Bref, rien n’est simple ni innocent dans l’emploi des mots. Outre le colloque qu’il se propose d’organiser, en octobre prochain, sur les notions et réalités de l' »antisémitisme » et de l' »islamophobie », le Centre pour l’égalité des chances et la lutte contre le racisme va publier sur son site Internet (www.antiracisme.be) un fichier lexical présentant l’histoire et l’usage des mots qui fâchent. Histoire de comprendre comment fonctionne un stéréotype . « On ne peut pas arriver, prévient Christian Denys, artisan de ce fichier, à un lexique qui soit une vérité absolue. Comme dans cette  » figure ambiguë » où l’on peut voir simultanément une jeune et une vieille femme, chaque mot a des résonances particulières suivant les locuteurs et le contexte de leur énonciation. On a tous un dictionnaire portatif dans la tête. »Et les mots évoluent dans le temps.
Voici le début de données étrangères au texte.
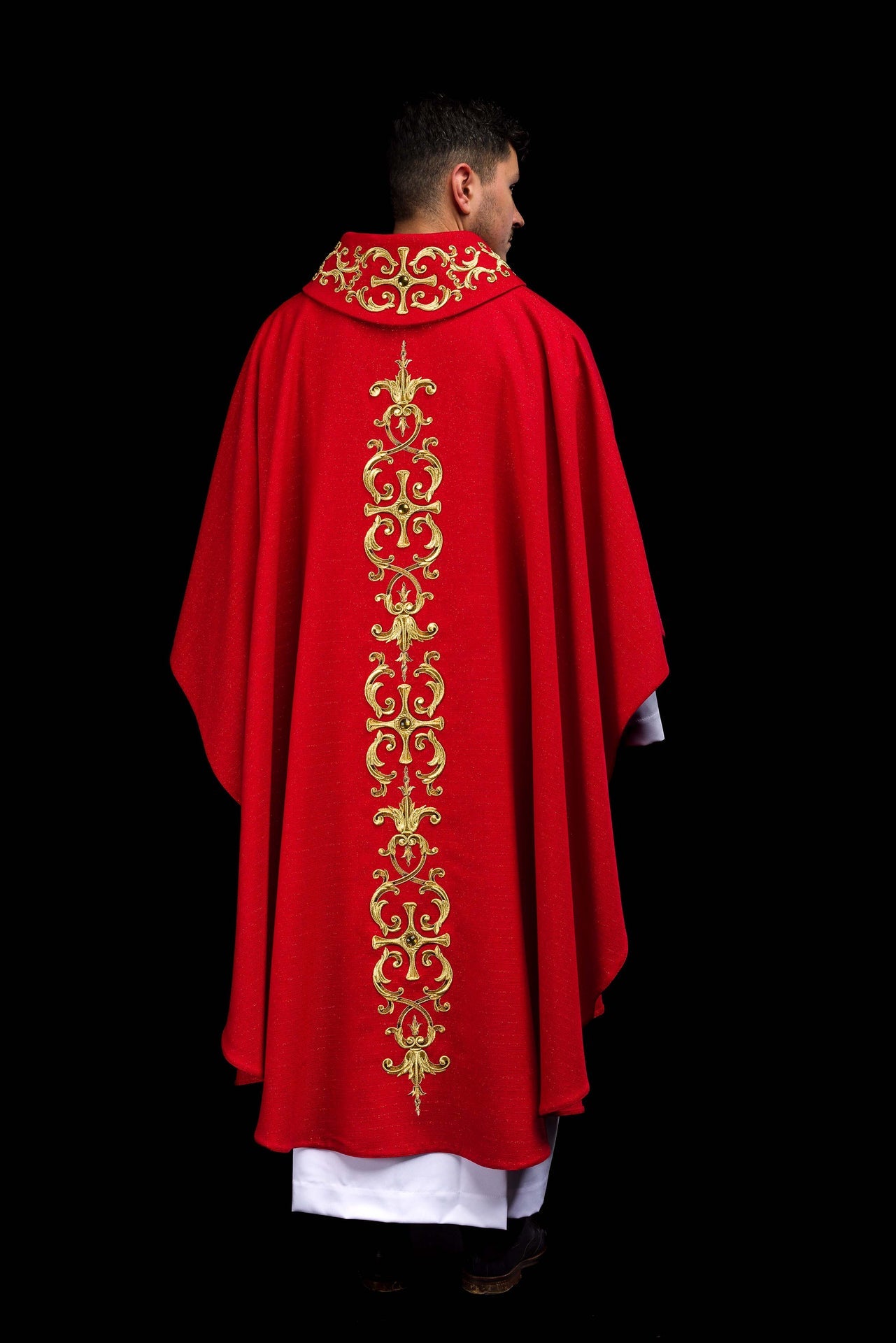 Chasuble richement brodée avec l’image de saint Pierre rouge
Trois pages, au moins, ont été nécessaires, dans le Vocabulaire historique et critique des relations interethniques (2), pour épuiser tous les sens du mot « sionisme ».

S’exercer avec prudence à la qualification des choses serait un bon début. « Ne pas ajouter aux maux de la violence les mots qui génèrent de la violence »: la formule est jolie et pourrait s’appliquer à la logomachie que nourrit l’usage immodéré des anathèmes. « Pour autant, précise le formateur, on ne peut pas se contenter de faire de l’érudition sémantique . Il faut que les utilisateurs se mettent plus ou moins d’accord sur la valeur d’usage d’un mot, sachant qu’il est toujours relatif, partiel, donc, partial par rapport à la réalité qu’il désigne. » Tétanisés par la peur de mal dire, beaucoup d’enseignants n’osent aborder au cours ce que tous les responsables politiques les pressent d’expliquer à leurs élèves: les racines de l’intolérance et la manière d’y résister. La « parole sécurisée » du Centre pour l’égalité des chances, qui ne se veut surtout pas le label d’un langage éthiquement ou politiquement correct, pourra peut-être les y aider. Avec humilité. « Une légende hassidique, raconte Christian Denys, évoque ce juif pieux qui, ne sachant lire les prières pour le jour du Kippour sortit de la synagogue et, à même la rue, cria chaque lettre, demandant à Dieu de les ordonner à sa guise. Les lettres montèrent au ciel et la prière plut à Dieu. »

(1) La Nouvelle judéophobie, Editions Mille et Une Nuits, 2002.

(2) Revue Pluriel-recherches, 1993-2000, éditions l’Harmattan, Paris.